Geithner and Wang will meet alongside Secretary of State Hillary Clinton and State Councilor Dai Bingguo at this week’s meetings, which will draw about 30 top Chinese officials.
The Obama administration and U.S. lawmakers say China’s currency policy gives the nation’s exporters an unfair competitive advantage, costing American jobs. Geithner is trying to convince Chinese officials that a stronger yuan has benefits for their economy.
Geithner said last week that allowing the yuan to rise and making the financial system less dependent on government-controlled interest rates would give Chinese leaders an “enhanced” ability to damp inflation.
The Treasury argues that higher interest rates on deposits will also encourage consumer spending in China, another way to reduce imbalances.
“We’re going to encourage China to move more quickly in lifting the ceiling on interest rates on bank deposits in order to put more money into Chinese consumers’ pockets,” Loevinger said at a briefing last week in Washington.
Investors are betting the yuan’s rise may be limited over the next 12 months. Twelve-month non-deliverable yuan forwards dropped 0.81 percent last week to 6.3520 per dollar on May 6, their biggest weekly loss of the year, on speculation that China won’t allow faster appreciation to reduce inflation.
John Frisbie, president of the U.S.-China Business Council, said support for a stronger yuan among Chinese leaders has increased in the past year.
“The strong hand has switched over to those who are saying that the exchange rate can help us fight inflation,” Frisbie said in a telephone interview. He said his group, whose members include companies such as Apple Inc., JPMorgan Chase & Co. and Coca-Cola Co., wants China to resume opening its financial services sector to allow more foreign investment.
The American Chamber of Commerce in China said last month that foreign banks play an “insignificant role” in China.
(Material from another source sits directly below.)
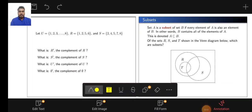Hello everyone, we have to move to the next topic: subset and its example. First we see the definition of subset.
Foreign lenders’ market share in China has dropped since the government first opened the industry in December 2006. Banks such as New York-based Citigroup Inc. and London-based HSBC Holdings Plc want to tap household and corporate savings that reached $10 trillion in January as China overtook Japan to become the world’s second-biggest economy.
The U.S. has delayed its semi-annual foreign-exchange report, which had been due on April 15, until after this week’s meetings. The previous report, due on Oct. 15, 2010, was released on Feb. 4 and declined to brand China a currency manipulator while saying the No. 2 U.S. trading partner has made “insufficient” progress on allowing the yuan to rise.
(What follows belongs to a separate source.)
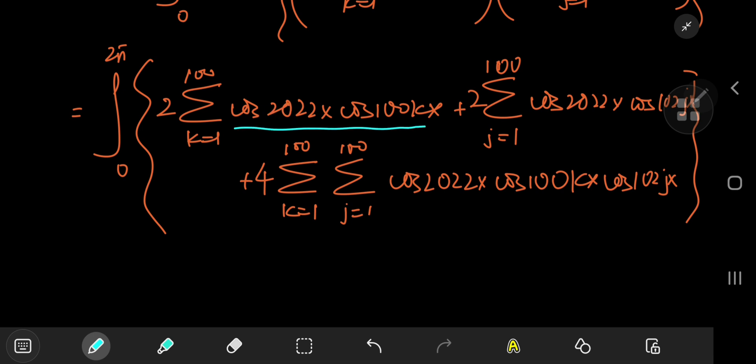For the single sums: using the product-to-sum formula, a product of cosines becomes a sum of cosines. The arguments will be even integer multiples of x, so integrating from zero to 2π gives signs evaluated at even multiples — all zeros.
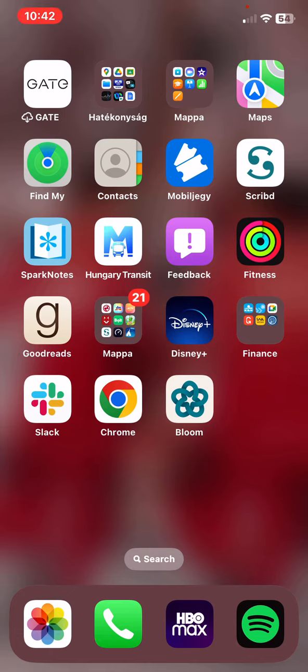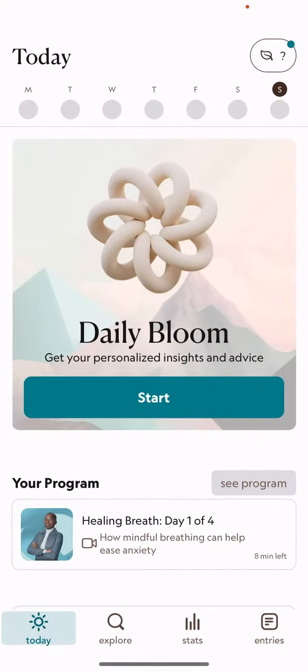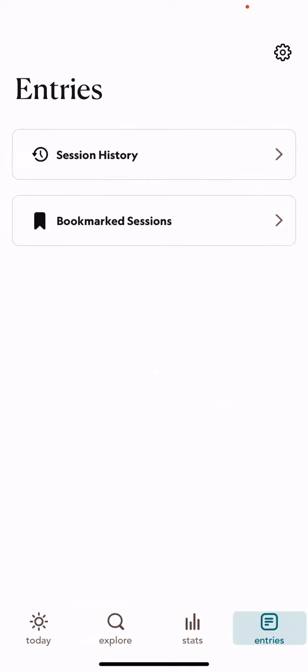Let's jump into it. First of all, open the application on your phone, and then click on the entries button at the bottom of the page on the right.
The yuan goes beyond the U.S. and China to become “a multilateral issue, in terms of the impact on Brazil, Korea, Thailand and India,” said Edwin Truman, a former Federal Reserve and Treasury official who is now a senior fellow at the Peterson Institute for International Economics.
The “slow” appreciation of the yuan “relative to the dollar in an environment where the dollar is going down against other currencies is causing trouble for other countries and currencies,” Truman said.
Diplomats at the Strategic and Economic Dialogue also will discuss events in the Middle East, including military operations in Libya and the ramifications of the region’s popular uprisings.
Officials are likely to discuss efforts to revive six-party talks on North Korea’s nuclear program. Negotiations between the two Koreas, Russia, Japan, China and the U.S. stalled in December 2008 and tensions flared on the peninsula after North Korea’s Nov. 23 bombing of a South Korean island.
“We want to compare notes on where we stand with respect to North Korea, and we will be very clear on what our expectations are for moving forward,” Kurt Campbell, assistant secretary of state for East Asia, said on May 5.